MATERIAL FOR THIS TASK Block Start

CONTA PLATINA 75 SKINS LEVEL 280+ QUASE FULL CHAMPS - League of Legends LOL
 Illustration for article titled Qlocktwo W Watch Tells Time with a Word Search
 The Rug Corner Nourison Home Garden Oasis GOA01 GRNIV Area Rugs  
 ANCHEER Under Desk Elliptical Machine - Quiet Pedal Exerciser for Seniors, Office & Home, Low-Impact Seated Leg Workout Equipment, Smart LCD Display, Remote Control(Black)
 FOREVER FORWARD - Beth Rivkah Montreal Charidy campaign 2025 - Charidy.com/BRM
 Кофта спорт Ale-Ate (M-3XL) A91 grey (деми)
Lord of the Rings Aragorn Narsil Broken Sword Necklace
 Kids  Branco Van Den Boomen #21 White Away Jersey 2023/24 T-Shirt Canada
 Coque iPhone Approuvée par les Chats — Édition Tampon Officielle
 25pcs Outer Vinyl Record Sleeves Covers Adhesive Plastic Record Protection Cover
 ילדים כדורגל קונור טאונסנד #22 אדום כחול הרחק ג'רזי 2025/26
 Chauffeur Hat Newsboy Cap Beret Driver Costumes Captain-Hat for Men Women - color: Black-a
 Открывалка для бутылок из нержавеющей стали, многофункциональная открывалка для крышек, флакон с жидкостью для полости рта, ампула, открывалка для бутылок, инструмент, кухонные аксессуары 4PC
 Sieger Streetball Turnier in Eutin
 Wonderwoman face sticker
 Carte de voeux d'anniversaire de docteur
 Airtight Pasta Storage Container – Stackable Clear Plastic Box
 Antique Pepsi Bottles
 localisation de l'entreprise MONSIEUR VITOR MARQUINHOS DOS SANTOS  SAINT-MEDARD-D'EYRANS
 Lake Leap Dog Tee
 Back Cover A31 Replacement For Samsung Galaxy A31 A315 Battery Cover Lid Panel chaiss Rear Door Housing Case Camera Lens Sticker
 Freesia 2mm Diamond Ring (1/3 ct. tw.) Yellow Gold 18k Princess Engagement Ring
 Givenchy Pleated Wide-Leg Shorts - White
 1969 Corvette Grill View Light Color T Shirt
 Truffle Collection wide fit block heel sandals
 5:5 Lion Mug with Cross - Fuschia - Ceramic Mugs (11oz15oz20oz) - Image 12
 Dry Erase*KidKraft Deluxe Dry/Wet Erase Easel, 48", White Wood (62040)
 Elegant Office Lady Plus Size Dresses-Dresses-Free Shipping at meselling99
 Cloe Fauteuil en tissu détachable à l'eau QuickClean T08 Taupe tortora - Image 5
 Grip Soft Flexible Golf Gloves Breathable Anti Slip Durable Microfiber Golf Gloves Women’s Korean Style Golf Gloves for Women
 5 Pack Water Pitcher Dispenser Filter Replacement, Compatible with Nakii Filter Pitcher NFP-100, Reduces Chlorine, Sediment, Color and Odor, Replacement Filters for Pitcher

MATERIAL FOR THIS TASK Block End

• [EXERCISE REQUIREMENTS]:
Each record above needs to be reproduced exactly as written.

• [OUTPUT OF THE TASK]:
CONTA PLATINA 75 SKINS LEVEL 280+ QUASE FULL CHAMPS - League of Legends LOL
 Illustration for article titled Qlocktwo W Watch Tells Time with a Word Search
 The Rug Corner Nourison Home Garden Oasis GOA01 GRNIV Area Rugs  
 ANCHEER Under Desk Elliptical Machine - Quiet Pedal Exerciser for Seniors, Office & Home, Low-Impact Seated Leg Workout Equipment, Smart LCD Display, Remote Control(Black)
 FOREVER FORWARD - Beth Rivkah Montreal Charidy campaign 2025 - Charidy.com/BRM
 Кофта спорт Ale-Ate (M-3XL) A91 grey (деми)
Lord of the Rings Aragorn Narsil Broken Sword Necklace
 Kids  Branco Van Den Boomen #21 White Away Jersey 2023/24 T-Shirt Canada
 Coque iPhone Approuvée par les Chats — Édition Tampon Officielle
 25pcs Outer Vinyl Record Sleeves Covers Adhesive Plastic Record Protection Cover
 ילדים כדורגל קונור טאונסנד #22 אדום כחול הרחק ג'רזי 2025/26
 Chauffeur Hat Newsboy Cap Beret Driver Costumes Captain-Hat for Men Women - color: Black-a
 Открывалка для бутылок из нержавеющей стали, многофункциональная открывалка для крышек, флакон с жидкостью для полости рта, ампула, открывалка для бутылок, инструмент, кухонные аксессуары 4PC
 Sieger Streetball Turnier in Eutin
 Wonderwoman face sticker
 Carte de voeux d'anniversaire de docteur
 Airtight Pasta Storage Container – Stackable Clear Plastic Box
 Antique Pepsi Bottles
 localisation de l'entreprise MONSIEUR VITOR MARQUINHOS DOS SANTOS  SAINT-MEDARD-D'EYRANS
 Lake Leap Dog Tee
 Back Cover A31 Replacement For Samsung Galaxy A31 A315 Battery Cover Lid Panel chaiss Rear Door Housing Case Camera Lens Sticker
 Freesia 2mm Diamond Ring (1/3 ct. tw.) Yellow Gold 18k Princess Engagement Ring
 Givenchy Pleated Wide-Leg Shorts - White
 1969 Corvette Grill View Light Color T Shirt
 Truffle Collection wide fit block heel sandals
 5:5 Lion Mug with Cross - Fuschia - Ceramic Mugs (11oz15oz20oz) - Image 12
 Dry Erase*KidKraft Deluxe Dry/Wet Erase Easel, 48", White Wood (62040)
 Elegant Office Lady Plus Size Dresses-Dresses-Free Shipping at meselling99
 Cloe Fauteuil en tissu détachable à l'eau QuickClean T08 Taupe tortora - Image 5
 Grip Soft Flexible Golf Gloves Breathable Anti Slip Durable Microfiber Golf Gloves Women’s Korean Style Golf Gloves for Women
 5 Pack Water Pitcher Dispenser Filter Replacement, Compatible with Nakii Filter Pitcher NFP-100, Reduces Chlorine, Sediment, Color and Odor, Replacement Filters for Pitcher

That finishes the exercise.